< Retour

Introduction

Grand absent dans notre archéologie, le bois jouait un rôle fondamental dans la société antique, que ce soit dans les représentations ou dans les techniques, en particulier dans la construction. Malgré la rareté des vestiges en bois du fait des mauvaises conditions de conservation en Grèce, ce matériau occupe une place importante dans nos sources. Il est présent aussi bien dans les textes administratifs et techniques (comptes et inventaires depuis l’époque mycénienne jusqu’à l’époque romaine et byzantine, traités techniques, lexiques, sans oublier l’importante masse documentaire que représentent les sources papyrologiques grecques d’Égypte) que dans les textes littéraires.

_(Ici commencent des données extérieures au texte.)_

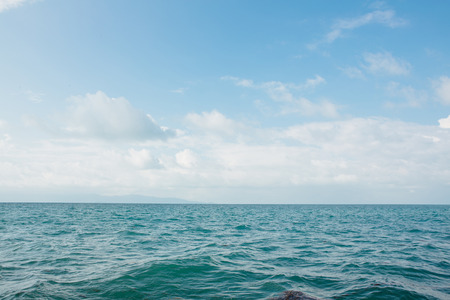 Blue sea with white clouds abstract background patternの写真素材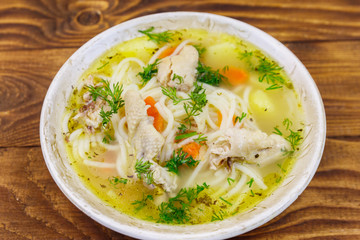 Chicken soup with noodles and vegetables on wooden table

Un premier travail de recension du vocabulaire grec du bois, qui ne visait pas à l’exhaustivité, a été effectué par Anastasios Orlandos[1], puis par Roland Martin[2] dans leurs ouvrages sur les matériaux de construction. Alfred Trevor Hodge a entrepris un lexique de la charpente[3], outil utile mais très succinct et en partie dépassé. Le dictionnaire d’Anastasios Orlandos et Ioannis Travlos[4] est à ce jour le seul à rassembler tous les mots du vocabulaire architectural en grec ancien, avec de nombreuses citations à l’appui, mais sa consultation est réservée aux hellénophones et une mise à jour serait nécessaire. Marie-Christine Hellmann a étudié le vocabulaire architectural dans les inscriptions de Délos et a fourni un dictionnaire de référence où les mots du bois occupent une place importante[5]. Le Dictionnaire méthodique de l’architecture grecque et romaine de René Ginouvès et Roland Martin[6], enfin, reprend une grande partie de la terminologie relative au bois et à la construction mais ne comporte aucune référence aux textes antiques.

De nouvelles découvertes en épigraphie, de nouvelles études en papyrologie et de nouvelles approches en architecture antique ont modifié le regard porté sur ce matériau, engageant à réévaluer les techniques de travail et les usages que désigne un vocabulaire dont le sens exact n’est pas toujours bien compris. C’est pour remédier à cette difficulté qu’a vu le jour un projet de recherche dédié aux Mots du bois, dont l’objectif est de rédiger un lexique commenté des mots du bois en grec ancien, du linéaire B au grec byzantin, assorti d’un choix de textes traduits[7].

L’étude du bois touche à l’histoire des techniques, à l’architecture et à la lexicographie ; mais ses enjeux relèvent aussi, plus largement, de l’histoire environnementale, économique et politique. En témoignent les articles réunis dans ce dossier à l’issue d’une journée d’études organisée à la MMSH d’Aix-en-Provence en décembre 2022[8].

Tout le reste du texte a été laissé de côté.